Editing Statistical learning theory (section)

==Formal description==
Take <math>X</math> to be the [[vector space]] of all possible inputs, and <math>Y</math> to be the vector space of all possible outputs. Statistical learning theory takes the perspective that there is some unknown [[probability distribution]] over the product space <math>Z = X \times Y</math>, i.e. there exists some unknown <math>p(z) = p(\mathbf{x},y)</math>. The training set is made up of <math>n</math> samples from this probability distribution, and is notated 
<math display="block">S = \{(\mathbf{x}_1,y_1), \dots ,(\mathbf{x}_n,y_n)\} = \{\mathbf{z}_1, \dots ,\mathbf{z}_n\}</math>
Every <math>\mathbf{x}_i</math> is an input vector from the training data, and <math>y_i</math> is the output that corresponds to it.

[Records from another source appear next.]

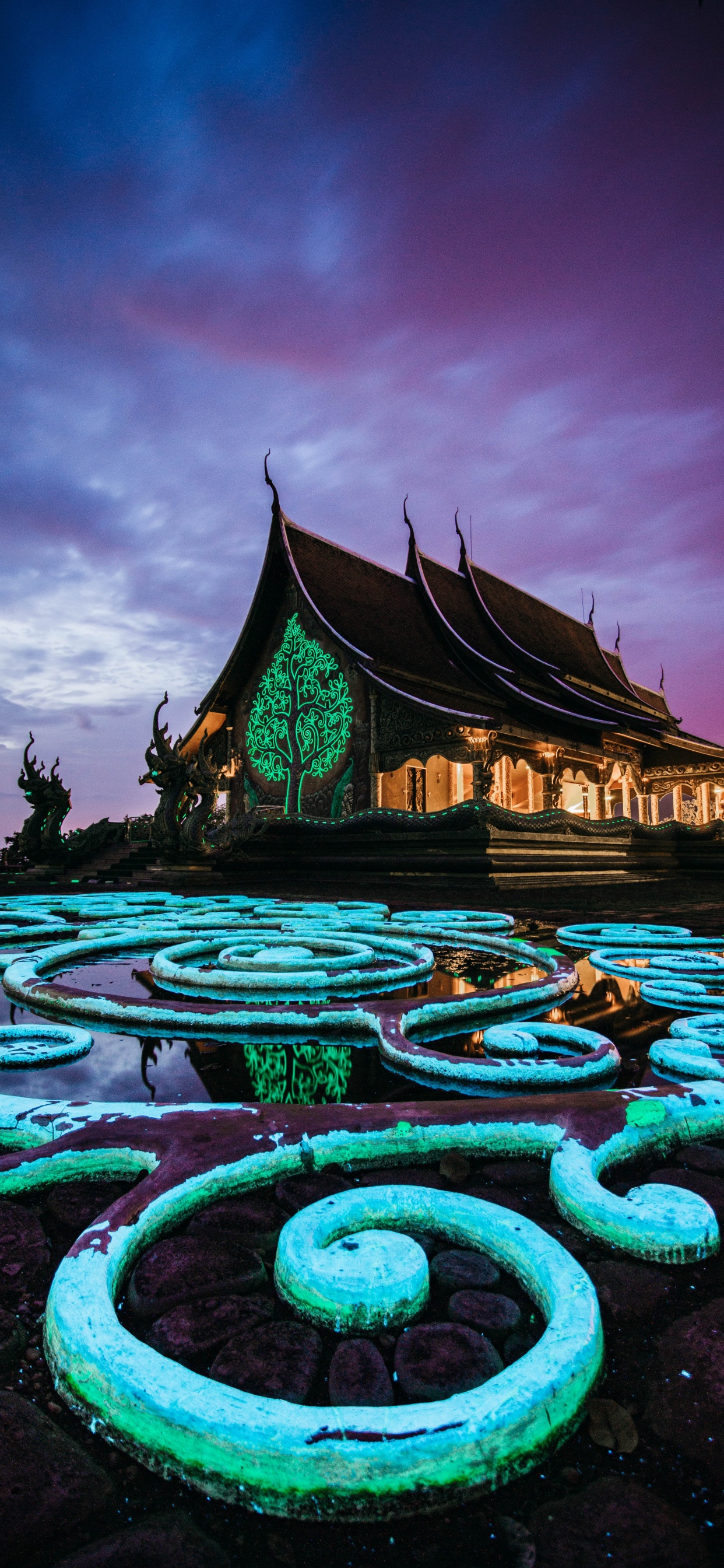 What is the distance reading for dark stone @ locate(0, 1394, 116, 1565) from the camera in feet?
1.47

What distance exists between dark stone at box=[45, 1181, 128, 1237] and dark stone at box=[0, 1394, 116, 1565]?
0.87 ft

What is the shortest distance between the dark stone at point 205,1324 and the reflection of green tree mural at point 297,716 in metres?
9.44

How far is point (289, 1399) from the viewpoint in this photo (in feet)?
1.79

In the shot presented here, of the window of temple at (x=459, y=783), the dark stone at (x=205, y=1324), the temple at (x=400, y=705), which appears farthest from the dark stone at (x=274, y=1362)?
the window of temple at (x=459, y=783)

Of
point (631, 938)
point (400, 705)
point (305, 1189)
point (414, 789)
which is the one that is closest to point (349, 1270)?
point (305, 1189)

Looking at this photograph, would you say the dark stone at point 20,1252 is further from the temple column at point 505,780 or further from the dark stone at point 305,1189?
the temple column at point 505,780

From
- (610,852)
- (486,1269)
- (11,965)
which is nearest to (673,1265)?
(486,1269)

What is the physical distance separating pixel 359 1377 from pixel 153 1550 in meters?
0.18

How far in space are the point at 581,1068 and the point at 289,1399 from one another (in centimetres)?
75

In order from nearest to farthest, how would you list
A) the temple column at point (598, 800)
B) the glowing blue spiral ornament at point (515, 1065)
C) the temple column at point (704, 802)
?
the glowing blue spiral ornament at point (515, 1065), the temple column at point (598, 800), the temple column at point (704, 802)

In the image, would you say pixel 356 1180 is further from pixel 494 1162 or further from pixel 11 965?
pixel 11 965

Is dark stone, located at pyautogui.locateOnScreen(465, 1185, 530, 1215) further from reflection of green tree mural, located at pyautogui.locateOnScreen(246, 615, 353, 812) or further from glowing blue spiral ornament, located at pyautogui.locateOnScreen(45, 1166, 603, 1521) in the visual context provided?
reflection of green tree mural, located at pyautogui.locateOnScreen(246, 615, 353, 812)

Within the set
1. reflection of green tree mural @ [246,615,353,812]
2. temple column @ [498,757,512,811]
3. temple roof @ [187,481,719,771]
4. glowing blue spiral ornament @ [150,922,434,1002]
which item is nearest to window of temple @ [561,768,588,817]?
temple roof @ [187,481,719,771]

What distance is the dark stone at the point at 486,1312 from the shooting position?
2.03 feet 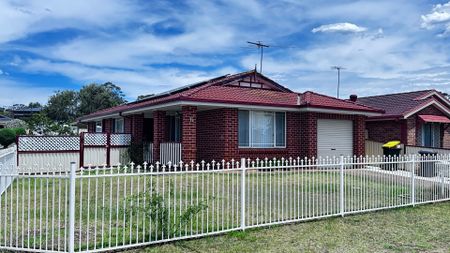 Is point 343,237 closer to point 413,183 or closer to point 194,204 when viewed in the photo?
point 194,204

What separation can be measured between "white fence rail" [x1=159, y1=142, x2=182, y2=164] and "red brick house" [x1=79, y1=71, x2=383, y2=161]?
27cm

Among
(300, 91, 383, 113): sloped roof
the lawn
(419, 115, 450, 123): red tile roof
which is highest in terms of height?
(300, 91, 383, 113): sloped roof

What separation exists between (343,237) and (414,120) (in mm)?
17215

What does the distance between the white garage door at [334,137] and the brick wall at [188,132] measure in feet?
19.1

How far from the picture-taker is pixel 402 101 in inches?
945

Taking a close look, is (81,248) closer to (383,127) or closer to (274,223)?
(274,223)

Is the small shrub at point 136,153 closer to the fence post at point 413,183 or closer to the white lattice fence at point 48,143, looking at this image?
the white lattice fence at point 48,143

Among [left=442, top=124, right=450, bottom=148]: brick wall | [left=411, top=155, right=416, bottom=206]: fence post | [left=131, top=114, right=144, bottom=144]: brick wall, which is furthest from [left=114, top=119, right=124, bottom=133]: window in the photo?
[left=442, top=124, right=450, bottom=148]: brick wall

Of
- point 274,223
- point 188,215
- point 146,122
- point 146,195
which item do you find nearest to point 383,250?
point 274,223

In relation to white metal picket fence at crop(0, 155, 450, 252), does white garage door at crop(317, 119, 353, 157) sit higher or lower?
higher

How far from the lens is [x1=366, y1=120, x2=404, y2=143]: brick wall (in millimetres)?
22230

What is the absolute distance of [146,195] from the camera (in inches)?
267

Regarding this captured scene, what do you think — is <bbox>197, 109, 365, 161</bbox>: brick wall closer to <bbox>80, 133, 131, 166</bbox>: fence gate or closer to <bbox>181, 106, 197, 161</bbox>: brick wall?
<bbox>181, 106, 197, 161</bbox>: brick wall

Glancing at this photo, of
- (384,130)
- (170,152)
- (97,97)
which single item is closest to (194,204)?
(170,152) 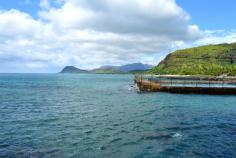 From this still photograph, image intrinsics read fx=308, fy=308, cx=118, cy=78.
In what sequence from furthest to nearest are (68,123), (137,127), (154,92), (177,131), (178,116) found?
(154,92), (178,116), (68,123), (137,127), (177,131)

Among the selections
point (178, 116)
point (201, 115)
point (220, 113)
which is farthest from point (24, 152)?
point (220, 113)

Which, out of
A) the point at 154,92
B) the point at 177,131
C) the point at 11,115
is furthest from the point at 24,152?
the point at 154,92

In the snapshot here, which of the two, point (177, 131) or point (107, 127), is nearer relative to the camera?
point (177, 131)

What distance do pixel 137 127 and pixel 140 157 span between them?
40.6 feet

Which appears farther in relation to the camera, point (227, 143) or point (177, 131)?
point (177, 131)

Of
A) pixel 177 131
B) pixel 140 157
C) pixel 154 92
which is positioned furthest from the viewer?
pixel 154 92

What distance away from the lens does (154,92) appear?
93.9m

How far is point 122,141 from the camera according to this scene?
3089 cm

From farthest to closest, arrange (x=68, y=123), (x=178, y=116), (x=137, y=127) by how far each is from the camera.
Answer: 1. (x=178, y=116)
2. (x=68, y=123)
3. (x=137, y=127)

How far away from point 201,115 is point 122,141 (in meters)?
21.7

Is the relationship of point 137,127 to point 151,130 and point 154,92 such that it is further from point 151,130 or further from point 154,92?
point 154,92

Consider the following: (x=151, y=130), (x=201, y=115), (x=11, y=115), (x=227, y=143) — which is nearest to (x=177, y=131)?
(x=151, y=130)

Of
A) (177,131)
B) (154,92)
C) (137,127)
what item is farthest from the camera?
(154,92)

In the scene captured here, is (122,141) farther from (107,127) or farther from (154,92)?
(154,92) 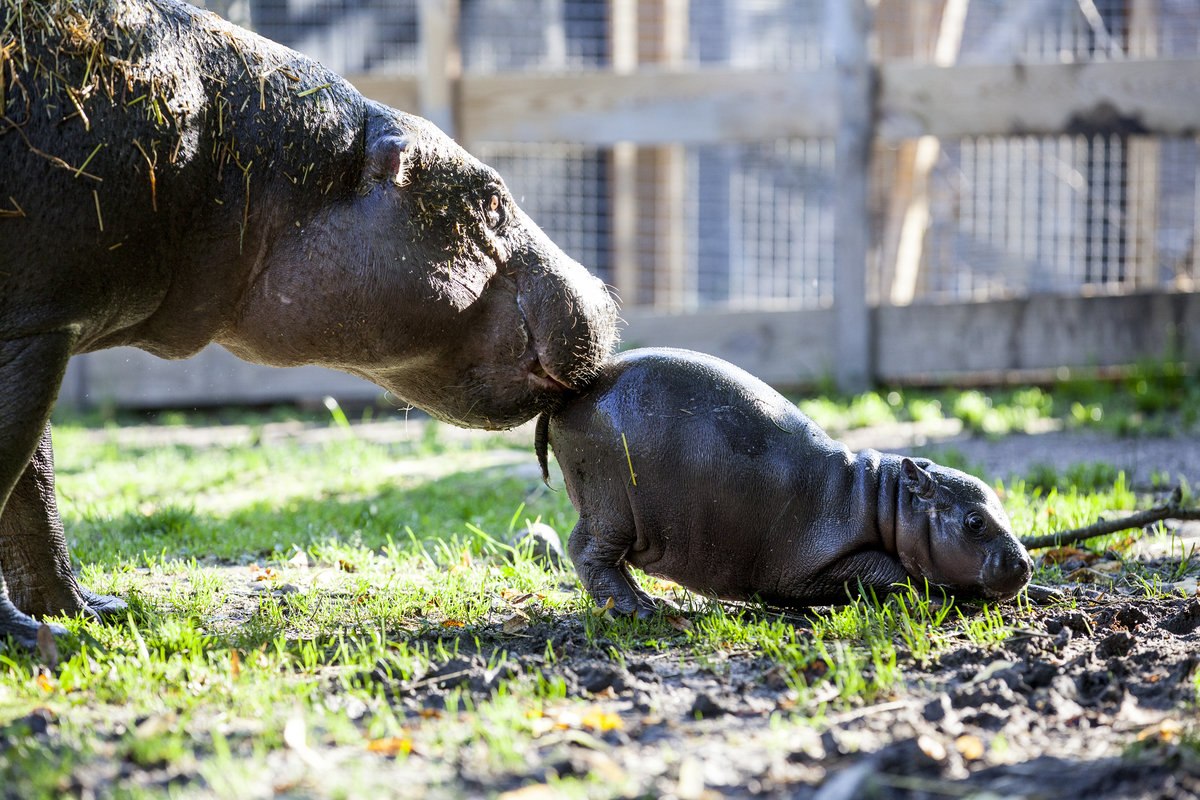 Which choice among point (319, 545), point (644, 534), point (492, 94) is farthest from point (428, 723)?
point (492, 94)

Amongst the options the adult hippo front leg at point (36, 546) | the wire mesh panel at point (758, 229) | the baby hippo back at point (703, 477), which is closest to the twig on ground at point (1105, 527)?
the baby hippo back at point (703, 477)

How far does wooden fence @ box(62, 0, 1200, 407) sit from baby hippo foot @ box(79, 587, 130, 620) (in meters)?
5.52

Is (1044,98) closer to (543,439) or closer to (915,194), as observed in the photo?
(915,194)

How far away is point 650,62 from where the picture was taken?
451 inches

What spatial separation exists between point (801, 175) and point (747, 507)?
28.3 ft

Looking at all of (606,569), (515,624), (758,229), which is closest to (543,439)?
(606,569)

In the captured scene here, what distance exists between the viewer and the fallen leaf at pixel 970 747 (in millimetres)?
2740

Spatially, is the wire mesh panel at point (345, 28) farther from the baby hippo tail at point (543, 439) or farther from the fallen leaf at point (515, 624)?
the fallen leaf at point (515, 624)

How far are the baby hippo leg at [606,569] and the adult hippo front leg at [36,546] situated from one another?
1449 millimetres

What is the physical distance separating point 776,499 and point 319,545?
2.00m

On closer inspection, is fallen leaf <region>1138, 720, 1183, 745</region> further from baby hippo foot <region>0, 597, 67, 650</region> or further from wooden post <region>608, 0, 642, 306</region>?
wooden post <region>608, 0, 642, 306</region>

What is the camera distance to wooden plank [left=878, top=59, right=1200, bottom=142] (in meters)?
8.82

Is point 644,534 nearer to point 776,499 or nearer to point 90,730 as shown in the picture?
point 776,499

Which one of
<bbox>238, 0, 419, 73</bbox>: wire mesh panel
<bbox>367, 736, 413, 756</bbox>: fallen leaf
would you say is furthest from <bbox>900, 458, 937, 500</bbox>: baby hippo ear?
<bbox>238, 0, 419, 73</bbox>: wire mesh panel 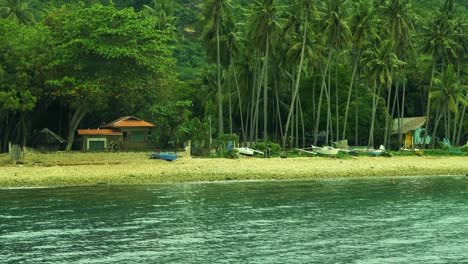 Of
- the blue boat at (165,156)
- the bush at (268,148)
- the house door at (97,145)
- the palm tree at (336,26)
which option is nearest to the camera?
the blue boat at (165,156)

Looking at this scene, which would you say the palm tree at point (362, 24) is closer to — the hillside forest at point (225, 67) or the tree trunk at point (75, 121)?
the hillside forest at point (225, 67)

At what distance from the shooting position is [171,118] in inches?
2820

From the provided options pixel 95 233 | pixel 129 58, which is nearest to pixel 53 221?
pixel 95 233

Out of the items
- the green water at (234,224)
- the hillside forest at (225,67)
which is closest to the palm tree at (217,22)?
the hillside forest at (225,67)

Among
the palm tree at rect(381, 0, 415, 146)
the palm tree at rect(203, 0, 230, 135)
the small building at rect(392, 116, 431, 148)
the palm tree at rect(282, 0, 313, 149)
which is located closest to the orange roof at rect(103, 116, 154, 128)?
the palm tree at rect(203, 0, 230, 135)

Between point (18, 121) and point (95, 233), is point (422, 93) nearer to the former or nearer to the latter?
point (18, 121)

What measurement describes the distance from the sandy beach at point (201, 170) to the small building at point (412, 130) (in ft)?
93.1

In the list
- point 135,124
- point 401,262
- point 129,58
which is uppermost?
point 129,58

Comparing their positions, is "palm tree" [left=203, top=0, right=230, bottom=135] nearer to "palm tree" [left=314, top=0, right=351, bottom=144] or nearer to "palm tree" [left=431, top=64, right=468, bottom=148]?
"palm tree" [left=314, top=0, right=351, bottom=144]

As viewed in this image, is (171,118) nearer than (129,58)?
No

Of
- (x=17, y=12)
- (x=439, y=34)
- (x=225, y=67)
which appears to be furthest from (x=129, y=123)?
(x=439, y=34)

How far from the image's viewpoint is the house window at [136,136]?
7056 centimetres

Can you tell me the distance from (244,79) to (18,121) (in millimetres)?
29740

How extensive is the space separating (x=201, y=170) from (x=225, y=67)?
29.6 metres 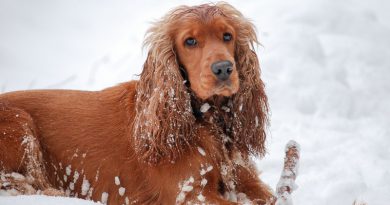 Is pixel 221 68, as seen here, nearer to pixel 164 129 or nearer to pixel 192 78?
pixel 192 78

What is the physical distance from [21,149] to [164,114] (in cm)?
104

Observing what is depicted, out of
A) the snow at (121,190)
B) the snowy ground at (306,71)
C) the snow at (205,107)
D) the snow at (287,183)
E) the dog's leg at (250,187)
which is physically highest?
the snowy ground at (306,71)

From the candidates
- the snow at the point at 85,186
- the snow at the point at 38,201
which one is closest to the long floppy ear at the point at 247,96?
the snow at the point at 85,186

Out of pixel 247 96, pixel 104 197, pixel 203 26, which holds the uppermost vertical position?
pixel 203 26

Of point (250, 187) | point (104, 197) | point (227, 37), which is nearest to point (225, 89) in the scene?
point (227, 37)

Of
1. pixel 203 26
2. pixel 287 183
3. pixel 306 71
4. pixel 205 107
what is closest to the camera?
pixel 287 183

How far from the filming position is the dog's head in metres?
3.93

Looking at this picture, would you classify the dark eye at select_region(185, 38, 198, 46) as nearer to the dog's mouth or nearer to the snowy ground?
the dog's mouth

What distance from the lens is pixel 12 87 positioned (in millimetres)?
8938

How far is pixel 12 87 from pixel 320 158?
5.07 meters

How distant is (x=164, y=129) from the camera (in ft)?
13.6

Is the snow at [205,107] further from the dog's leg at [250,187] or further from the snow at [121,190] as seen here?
the snow at [121,190]

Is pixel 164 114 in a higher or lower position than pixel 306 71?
lower

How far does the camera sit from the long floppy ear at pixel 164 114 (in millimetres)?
4117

In this formalism, the inference problem consists of finding a function <math>f: X \to Y</math> such that <math>f(\mathbf{x}) \sim y</math>. Let <math>\mathcal{H}</math> be a space of functions <math>f: X \to Y</math> called the hypothesis space. The hypothesis space is the space of functions the algorithm will search through. Let <math>V(f(\mathbf{x}),y)</math> be the [[loss function]], a metric for the difference between the predicted value <math>f(\mathbf{x})</math> and the actual value <math>y</math>. The [[expected risk]] is defined to be
<math display="block">I[f] = \int_{X \times Y} V(f(\mathbf{x}),y)\, p(\mathbf{x},y) \,d\mathbf{x} \,dy</math>
The target function, the best possible function <math>f</math> that can be chosen, is given by the <math>f</math> that satisfies
<math display="block">f = \mathop{\operatorname{argmin}}_{h \in \mathcal{H}} I[h]</math>

Because the probability distribution <math>p(\mathbf{x},y)</math> is unknown, a proxy measure for the expected risk must be used. This measure is based on the training set, a sample from this unknown probability distribution. It is called the [[empirical risk]]
<math display="block">I_S[f] = \frac{1}{n} \sum_{i=1}^n V( f(\mathbf{x}_i),y_i)</math>
A learning algorithm that chooses the function <math>f_S</math> that minimizes the empirical risk is called [[empirical risk minimization]].